Obama calls for legislation to bolster middle class

Obama calls for legislation to bolster middle class

President Obama appeared before a divided Congress on Tuesday night for his first State of the Union address of his second term, focusing on reviving the stagnant economy while also touching on the war in Afghanistan, gun violence and immigration law.

Three months after his convincing reelection victory, the president returned to the economic issues that dominated much of his first term. With a theme of strengthening the middle class, he proposed creating more jobs by investing in clean energy and creating new “manufacturing innovation institutes,” as well as spending more public money on education and improving the nation’s infrastructure. He also proposed an increase in the federal minimum wage.

“We gather here knowing that there are millions of Americans whose hard work and dedication have not yet been rewarded,” Obama said early in his remarks. “Our economy is adding jobs, but too many people still can’t find full-time employment. Corporate profits have rocketed to all-time highs, but for more than a decade, wages and incomes have barely budged.’’

“It is our generation’s task, then, to reignite the true engine of America’s economic growth — a rising, thriving middle class,’’ the president said.

Obama’s speech included a variety of proposals, including a “Fix-It-First” program to put people to work on building bridges and other urgent infrastructure repairs, making “high-quality preschool available to every child in America,” and an increase in the federal minimum wage to $9 an hour.

“Tonight, let’s declare that in the wealthiest nation on Earth, no one who works full time should have to live in poverty,” he said in calling for a hike in the $7.25-an-hour minimum wage. “This single step would raise the incomes of millions of working families.”

Obama also turned to a foreign policy issue that has sparked intense debate within his administration.
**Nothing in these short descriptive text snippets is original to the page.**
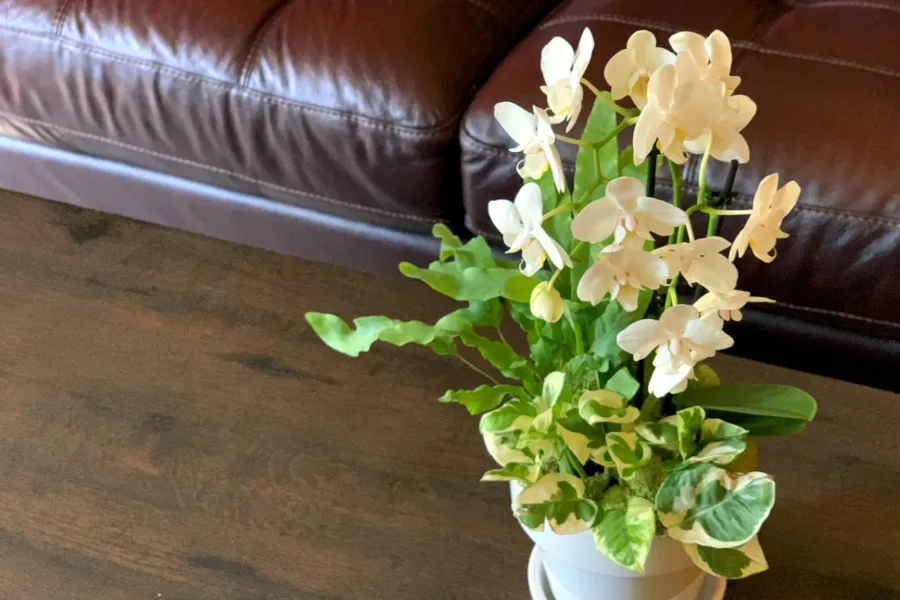 a living room with furniture and pot of flowers on a table
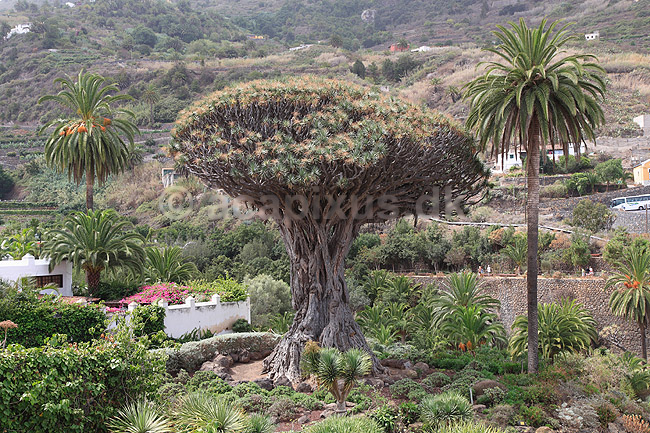 Drageblodstr�. Drageblodstr� i byen Icod de los Vinos p� Tenerife; Dracaena draco; Icod / Tenerife; Spanien; ; planter; Konval-familien, Convallariaceae, drageblodstr�er
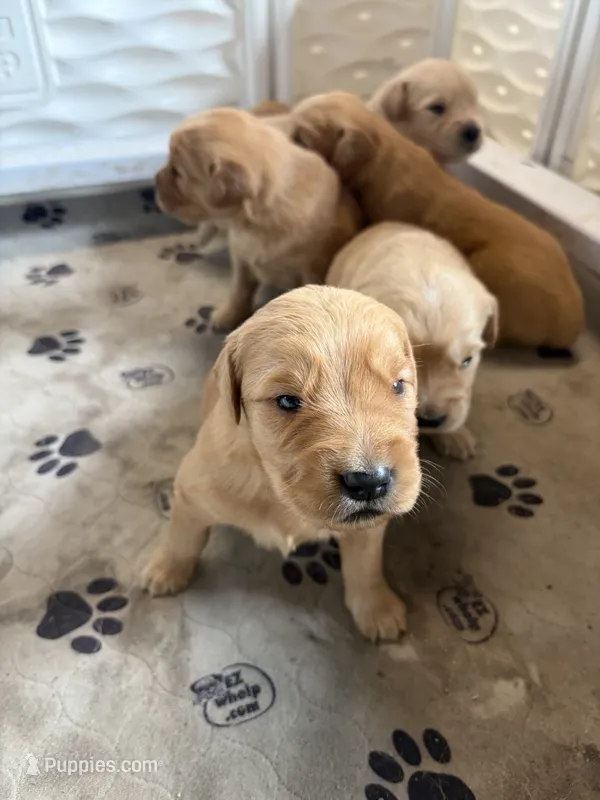 Orange – Golden Retriever puppy for sale in Modesto, CA
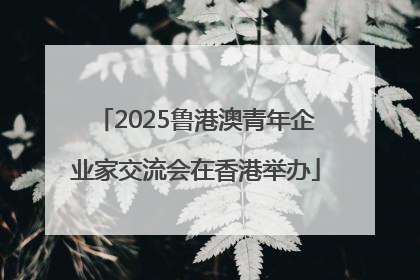 2025鲁港澳青年企业家交流会在香港举办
He announced in his speech that he is ordering the number of U.S. troops in Afghanistan to be reduced by more than half over the next 12 months.

The president’s decision — to remove 34,000 of the 66,000 U.S. troops in the country by this time next year — sets a quicker pace for withdrawal than top military commanders had been seeking, according to U.S. officials.

In the Republican response, delivered after Obama’s speech, Sen. Marco Rubio (Fla.) also focused on the middle class, but from a different perspective and with criticism for Obama’s approach. “This opportunity — to make it to the middle class or beyond no matter where you start out in life — it isn’t bestowed on us from Washington. It comes from a vibrant free economy,” Rubio said.

“Presidents in both parties . . . have known that our free-enterprise economy is the source of our middle-class prosperity,” Rubio said. “But President Obama? He believes it’s the cause of our problems.”

The newly reelected commander in chief appeared before Congress and millions of television viewers at a time when he is relatively strong politically yet vexed by a series of pressing challenges. Though Obama’s popularity is up in recent polls, he faces an economy that is still lagging and a national unemployment rate that ticked up last month.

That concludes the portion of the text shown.